— У меня очень плотный выставочный график: с одной выставки картины переезжают на другую… Поэтому собрать большую полноценную выставку быстро не удаётся. Да и по поводу зрителей в Новгороде были сомнения. Так уж складывается, что провинция сильна традициями — академической живописью. Города, стоящие далеко от столиц, имеют свою цельную, сложившуюся жизнь. В Новгороде ситуация иная: находясь между Питером и Москвой, люди понимают, что они всегда могут сесть в автобус и через пару часов окунуться в другую жизнь. То же самое и среди художников: только он начинает выбиваться, работать в другом ключе — тут же всеми правдами и неправдами старается переехать в Питер или Москву и продолжает свою карьеру уже там.
— Может быть, активная выставочная деятельность за границей объясняется ещё и тем, что ваше искусство там давно уже стало классикой…
— Мои работы, а не искусство. Не я же модерн создавал. Но при этом был даже такой анекдотический случай, когда я предложил одной нью-йоркской галерее свои работы. Тот салон занимается африканским искусством. А у меня есть проект «Русская Африка»: яркая, сочная, большие линии, пятна, где-то напоминающие африканский этнику. Я подумал, что это весьма пикантно, и послал им его на рассмотрение. В ответном письме они очень вежливо сообщили, что я, наверное, не в курсе современного африканского искусства. И то, что я прислал, — очень старо. Работы на холстах их давно не интересуют. Другое дело — видео, медиа.
— Как вы считаете, нужна ли художнику-модернисту академическая школа?
— Точно не могу сказать. Для любого художника важно поставить вкус, отношение к искусству, жизни. А это достигается долговременным ученичеством. По-моему, всё равно, в каком стиле заниматься живописью: академическом или сразу в современных направлениях, но обязательное условие — хороший учитель, который видит твой темперамент, тяготение к цвету, формам.
— Получается, реалистические пейзажи — это уже позапрошлый век?
— Против академического реализма я ничего не имею, я его преподаю, мало того, многие мои ученики, особенно — наиболее успешные, работают в академическом реализме. Почему же так происходит, спросите вы. Для этого нужна среда. Моя среда была вне Новгорода, я сюда из неё приехал и продолжаю в ней находиться. Новгород — моя мастерская. Если говорить о живописи как о профессии, то такой профессии в Великом Новгороде нет, не будем лукавить. Здесь есть рынок, но дальше сувенирной живописи он не идёт. Есть люди, которые занимаются живописью и подрабатывают для жизни, а есть те, которые работают и пописывают по выходным. Счастливцы первые, но их немного.

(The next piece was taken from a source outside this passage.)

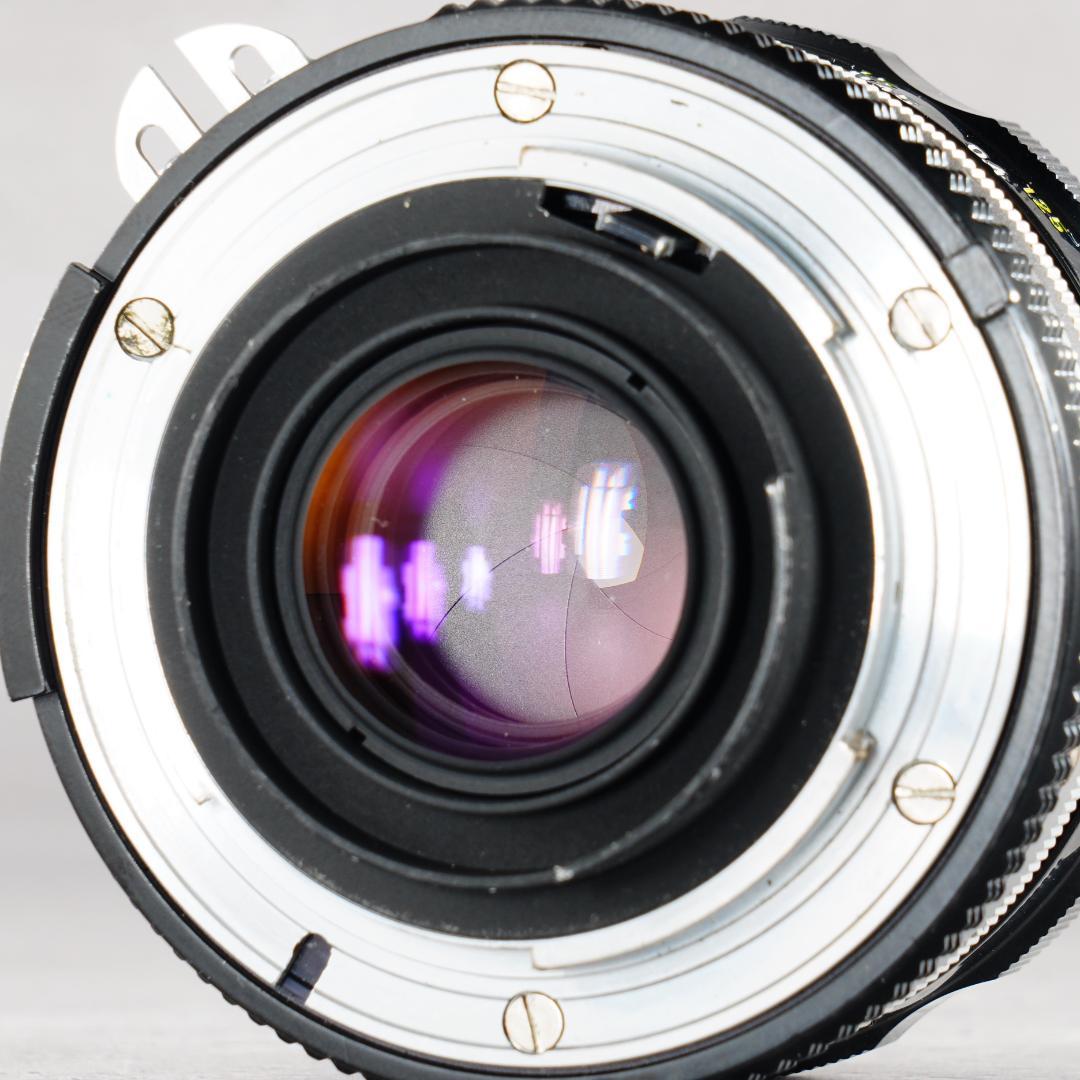 エラー刻印 Nikon Nikkor-N auto 24mm F2.8 Ai改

— А себя вы к первым причисляете или ко вторым?
— К первым. Но я давно вышел за рамки новгородского маркета. Ведь главное в арт-рынке — люди, которым нравится живопись, которые могут сопереживать до слез, до боли увиденной работе, стиху или музыке. А это — все-таки специфическая аудитория. Когда на человека начинают влиять пятно, линия, пластика, образ в целом, тогда можно говорить об эстетике восприятия.
— Название выставки «Модернизм» говорит само за себя. Тем не менее, что за работы мы там увидим?

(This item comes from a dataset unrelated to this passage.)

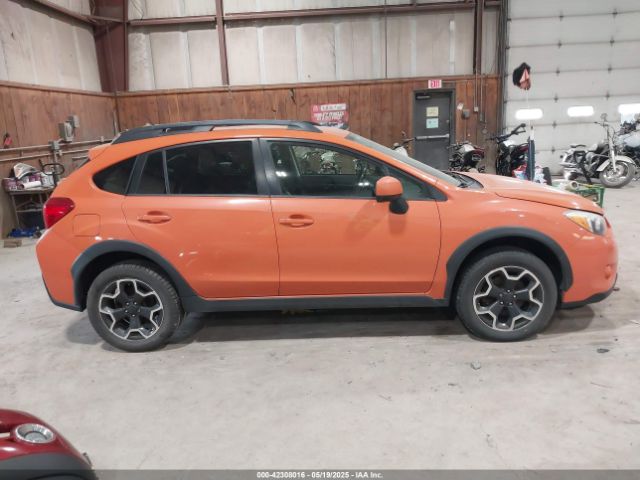 JF2GPAGC8E8203454 Subaru Xv Crosstrek 2.0i Limited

— Это работы последних лет. Ядро моей выставки составляют картины, выполненные в стиле летризма. Это — одна из веточек развития модернизма, одно из направлений в современном искусстве, использование в картинах нечитаемого текста как графического элемента. Он далек от каллиграфии, но интересен мне тем, что графика почерка в таких картинах иногда больше говорит об авторе, чем он даже думал и хотел. Вы когда-нибудь обращали внимание на рукописи Пушкина? Их графика абсолютно живая и способна многое рассказать нам о поэте. Я имею в виду черканные-перечерканные рукописи с рисунками на полях. Для сравнения можете представить поднесенное им стихотворение императору, чистенько написанное на гербовой бумаге. Это же мёртвая вещь! Я, конечно, далек от минимализма в этом проекте, поэтому у меня не просто графические тексты на всю картину, а только как ее составная часть наряду с образами или абстрактной живописью.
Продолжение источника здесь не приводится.